Mod 7

What is the remainder when 3 ²⁰⁰¹ is divided by 7?

Zi Heng Lim and Hagar El Bishlawi found a pattern when they raised 3 to a power, divided it by seven and found the remainder.

When you divide the exponent 2001 by the number 6, the answer will be 333 R3. The third number in the remainder pattern is 6, therefore 3 ²⁰⁰¹ divided by 7 has a remainder of 6, assuming that the pattern keeps repeating itself every six powers.

Can you prove that this pattern will keep repeating itself?

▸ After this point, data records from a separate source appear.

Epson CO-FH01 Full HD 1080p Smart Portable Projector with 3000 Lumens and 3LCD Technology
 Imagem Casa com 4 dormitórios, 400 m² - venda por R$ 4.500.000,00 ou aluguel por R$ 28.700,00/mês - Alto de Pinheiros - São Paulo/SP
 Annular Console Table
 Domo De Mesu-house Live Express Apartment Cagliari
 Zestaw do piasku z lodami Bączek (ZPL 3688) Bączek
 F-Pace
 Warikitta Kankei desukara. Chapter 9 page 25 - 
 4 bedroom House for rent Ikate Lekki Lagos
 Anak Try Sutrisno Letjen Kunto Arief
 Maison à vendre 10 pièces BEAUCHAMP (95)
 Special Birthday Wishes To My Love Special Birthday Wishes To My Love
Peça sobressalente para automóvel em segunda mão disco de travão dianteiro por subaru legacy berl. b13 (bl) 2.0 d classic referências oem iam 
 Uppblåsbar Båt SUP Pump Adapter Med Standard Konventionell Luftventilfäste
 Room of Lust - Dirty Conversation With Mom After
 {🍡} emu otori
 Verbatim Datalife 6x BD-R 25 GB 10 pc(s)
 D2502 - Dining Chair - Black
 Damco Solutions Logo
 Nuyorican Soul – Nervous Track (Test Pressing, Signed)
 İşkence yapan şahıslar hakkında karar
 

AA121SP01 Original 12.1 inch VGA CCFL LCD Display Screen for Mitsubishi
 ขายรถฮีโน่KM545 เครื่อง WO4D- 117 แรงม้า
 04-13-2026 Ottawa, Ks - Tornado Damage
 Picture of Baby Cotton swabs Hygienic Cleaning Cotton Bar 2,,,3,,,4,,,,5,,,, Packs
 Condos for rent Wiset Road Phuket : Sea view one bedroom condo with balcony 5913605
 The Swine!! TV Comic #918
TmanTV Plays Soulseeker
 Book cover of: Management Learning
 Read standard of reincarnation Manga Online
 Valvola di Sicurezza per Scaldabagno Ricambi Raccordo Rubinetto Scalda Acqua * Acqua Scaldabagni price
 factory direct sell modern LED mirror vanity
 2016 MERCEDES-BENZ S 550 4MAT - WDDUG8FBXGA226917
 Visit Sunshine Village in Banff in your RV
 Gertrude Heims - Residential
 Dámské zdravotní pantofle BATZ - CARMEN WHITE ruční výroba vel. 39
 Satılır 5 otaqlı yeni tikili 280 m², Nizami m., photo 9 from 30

Pierce Geoghegan and Etienne Chan solved this problem using modulus arithmetic. This is Pierce's solution:

Initially we use the fact that 3 ⁿ (mod 7) = 3 x [3 ^n-1 (mod 7)]

so

3 ¹ = 3(mod 7) = 3

3 ² = 3 x 3(mod 7) = 2

3 ³ = 3 x 2(mod 7) = 6

3 ⁴ = 3 x 6(mod 7) = 4

3 ⁵ = 3 x 4(mod 7) =5

3 ⁶ = 3 x 5(mod 7) = 1

Now we have 3 ⁶ = 1 mod 7 and it follows that 3 ¹⁹⁹⁸ = (3 ⁶ ) ³³³ = 1 ³³³ (mod 7) = 1

But 3 ²⁰⁰¹ = 3 ¹⁹⁹⁸ x 3 ³ = 1 x 3 ³ (mod 7) = 6

therefore the remainder is 6 when 3 ²⁰⁰¹ is divided by 7.